▶ [Problem description]:
For this exercise, retype the lines from the one that holds "WOMEN IN A GARDEN" through the one that holds "Columbia PFG Fish" in the records below, both included, exactly and without pictures.

▶ [Input data]:
⁂
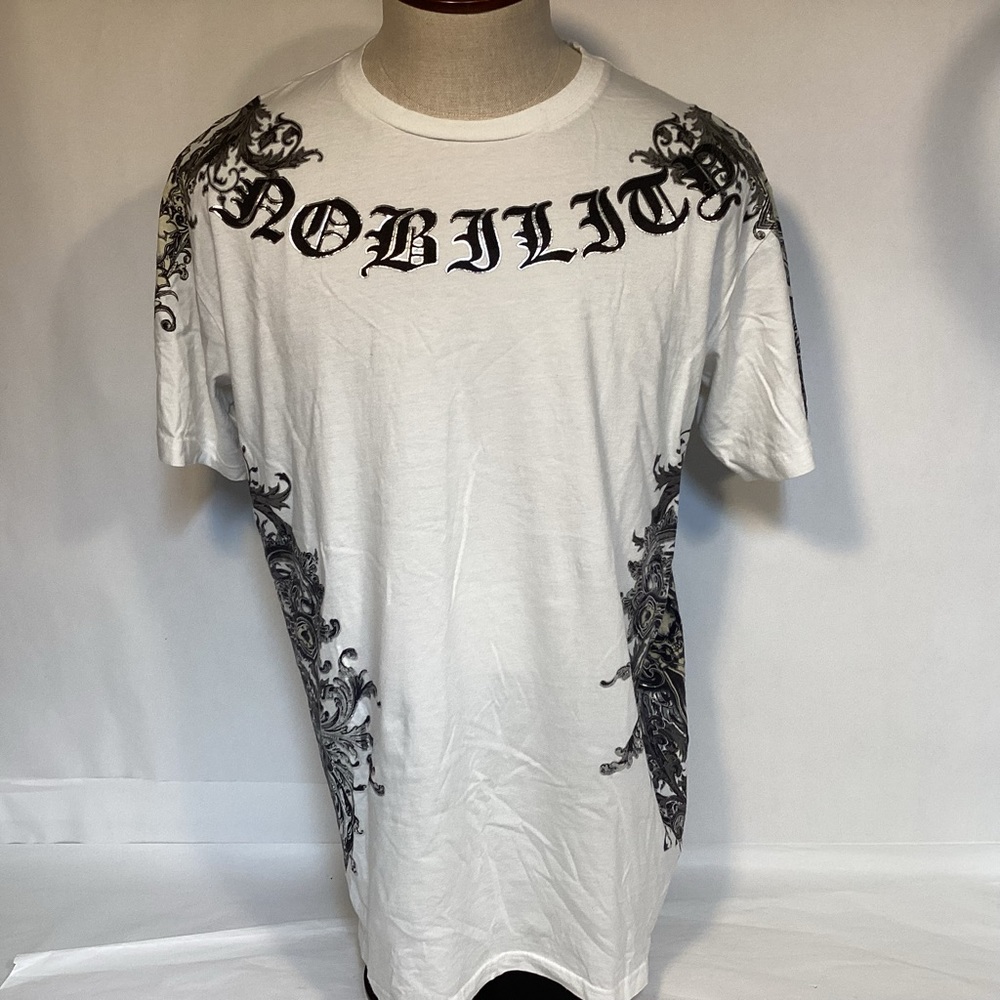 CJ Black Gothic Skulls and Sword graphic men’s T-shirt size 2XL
⁂
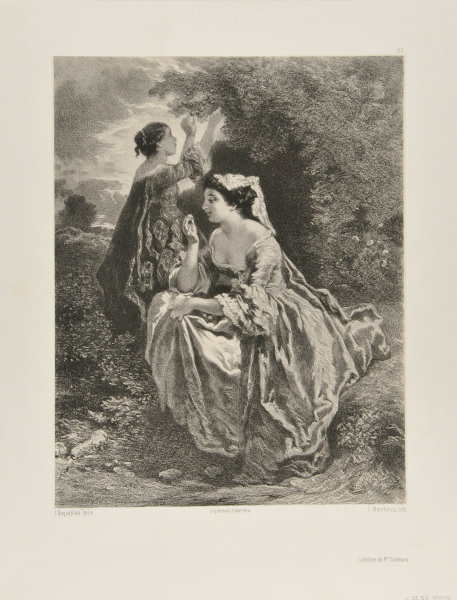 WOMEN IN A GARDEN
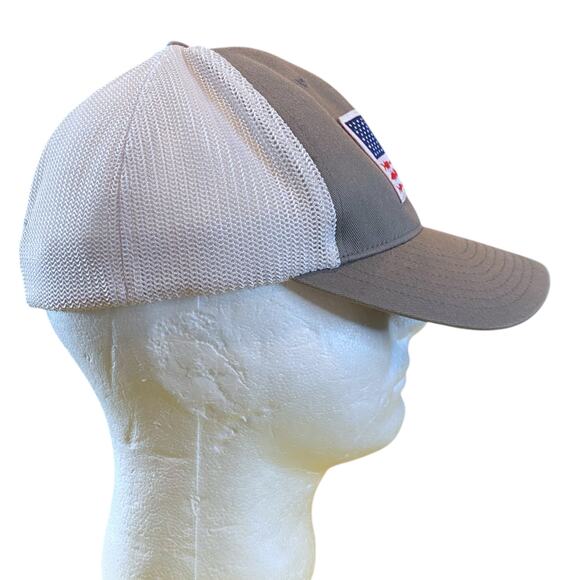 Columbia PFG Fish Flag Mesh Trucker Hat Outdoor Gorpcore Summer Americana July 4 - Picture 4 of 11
⁂
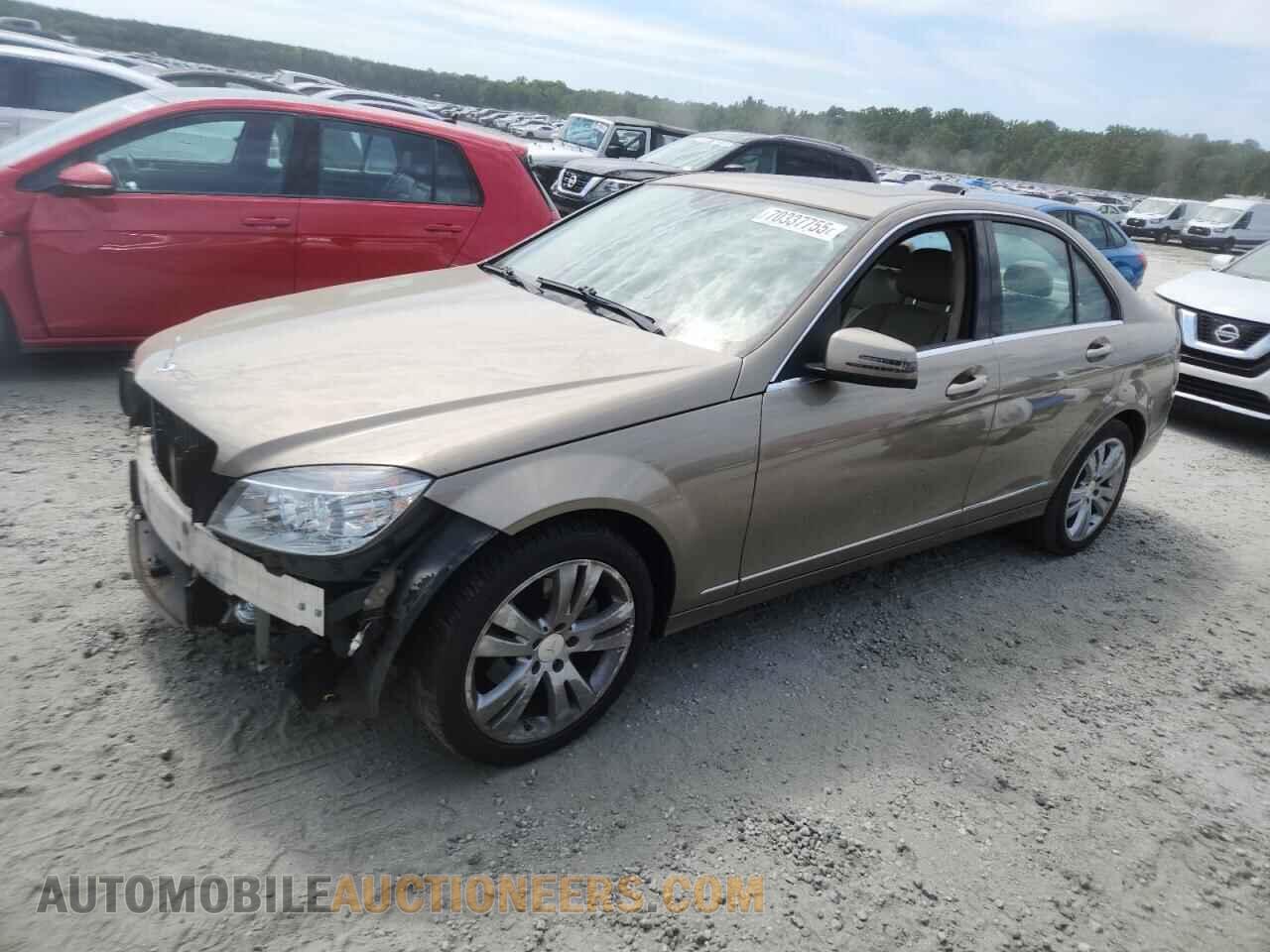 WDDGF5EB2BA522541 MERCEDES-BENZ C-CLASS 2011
⁂
▶ [Task response]:
 WOMEN IN A GARDEN
 Columbia PFG Fish Flag Mesh Trucker Hat Outdoor Gorpcore Summer Americana July 4 - Picture 4 of 11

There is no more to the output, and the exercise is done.